La sécurité sanitaire de l’eau de boisson est établie selon des critères de potabilité. Ces critères sont, dans le monde, édictés par l’OMS sur la base d’expertises reposant sur les données scientifiques internationales. L’objectif est de limiter les risques de santé liés à la qualité de l’eau de boisson, protégeant la totalité d’une population y compris les plus fragiles, nouveaux nés, personnes fragiles et âgées. Ces « niveaux-guides » correspondent à une évaluation des risques pour un élément donné, liés par exemple à la gravité d’une contamination ou à l’exposition d’une grande partie de la population. Les différents pays adaptent ensuite ces niveaux-guides selon leur contexte local.
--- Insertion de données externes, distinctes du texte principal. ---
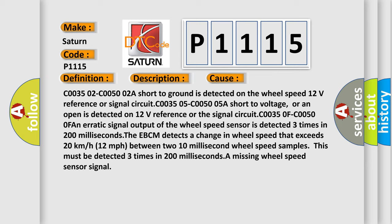C00350F-C00500F: An erratic signal output of the wheel speed sensor is detected three times in 200 milliseconds. The EBCM detects a change in wheel speed that exceeds 20 km/h (12 mph) between two 10 millisecond wheel speed samples. This must be detected three times in 200 milliseconds. A missing wheel speed sensor signal.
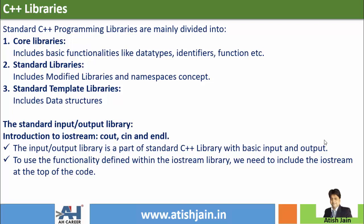Those three categories are: core libraries, standard libraries, and standard template libraries (STL). Core libraries provide basic functionalities like data types, identifiers, functions, and objects.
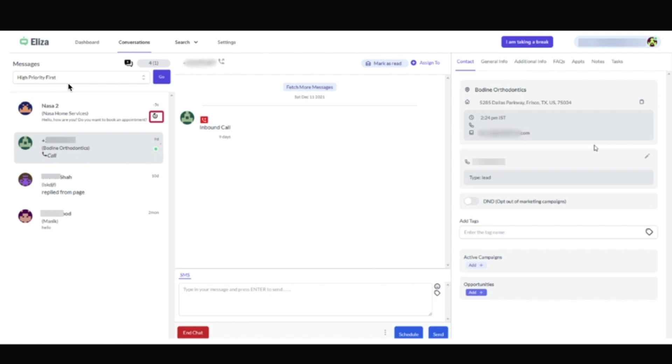conversations. If you wanted to aggregate all 300 clients, all of the conversations into one platform, the Eliza agent platform, this is what you would use.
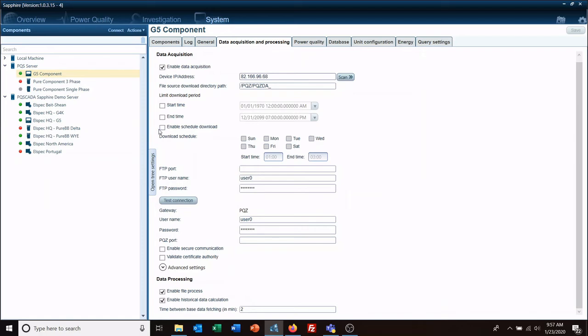If you want to set a schedule, you can check Enable Schedule Download, check what days you want it to download. Maybe only on Sunday between one and three. So then once you save this, you're only going to be downloading data on Sunday between one and three.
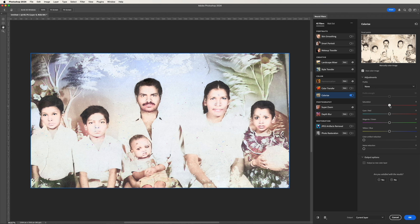To enhance the results further, you can adjust some settings to fine-tune the colors. For instance, if the color on a particular area appears too strong, you can reduce it using the adjustment sliders. Additionally, if you notice any noise or want to refine the details, you can use the noise reduction option to make the image smoother.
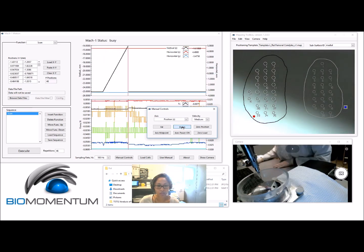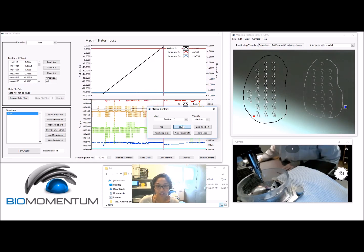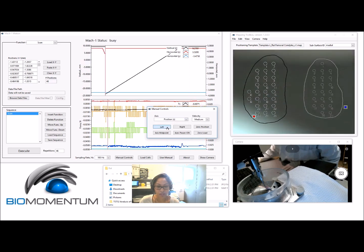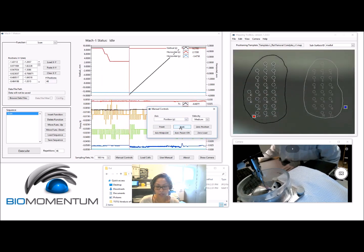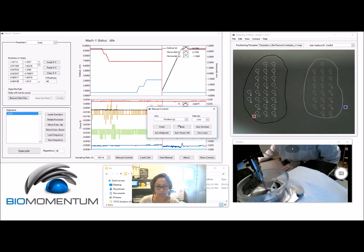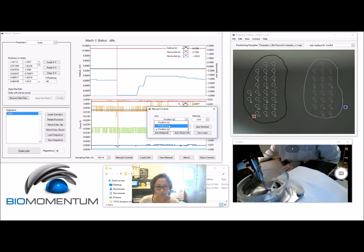Lower the spherical indenter towards the surface. With the sample testing chamber mounted onto the MAC1, move the stages so that the center of the MAC1's indenter is positioned just over the first reference mark.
L’eau distribuée en France répond aux normes définies par l’Union Européenne, fondées sur les évaluations menées par l’OMS. Elle fait en outre l’objet de contrôles permanents.

Une référence pour les pays

Ces niveaux-guides de l’OMS servent ainsi de repères aux pays ou continents pour établir leurs limites réglementaires de qualité, en pratique les normes officielles. Pour définir les normes réglementaires, l’interprétation des niveaux-guides doit aussi tenir compte du contexte local concernant l’hygiène, l’assainissement, les éventuelles contaminations alimentaires, en développant une approche bénéfices risques. En effet si les ressources financières sont limitées, elles doivent être utilisées à bon escient au regard de l’impact des solutions mises en œuvre pour la santé publique.

Aucune approche donnée n’est universelle, ce qui fonctionne dans un pays ne fonctionnera pas nécessairement ailleurs. La détermination du niveau de sécurité, c’est-à-dire du risque acceptable, relève aussi du jugement de la société localement. Décider si le bénéfice de respecter un niveau-guide justifie son coût doit être déterminé au sein de chaque pays. Ceci étant, les niveaux-guides doivent être respectés autant que possible, car leur suivi s’accompagne de bénéfices santé à long terme.

Du captage de l’eau au consommateur

Une vision globale est nécessaire pour obtenir une bonne qualité de l’eau, partant du captage de l’eau jusqu’à la distribution au consommateur, envisageant des méthodes de contrôle efficaces et régulières. Le changement climatique avec des périodes de sécheresse et d’inondations doit être pris en considération. L’OMS considère les aspects microbiens, chimiques, de radioactivité et d’acceptabilité du produit (gout, odeur, apparence).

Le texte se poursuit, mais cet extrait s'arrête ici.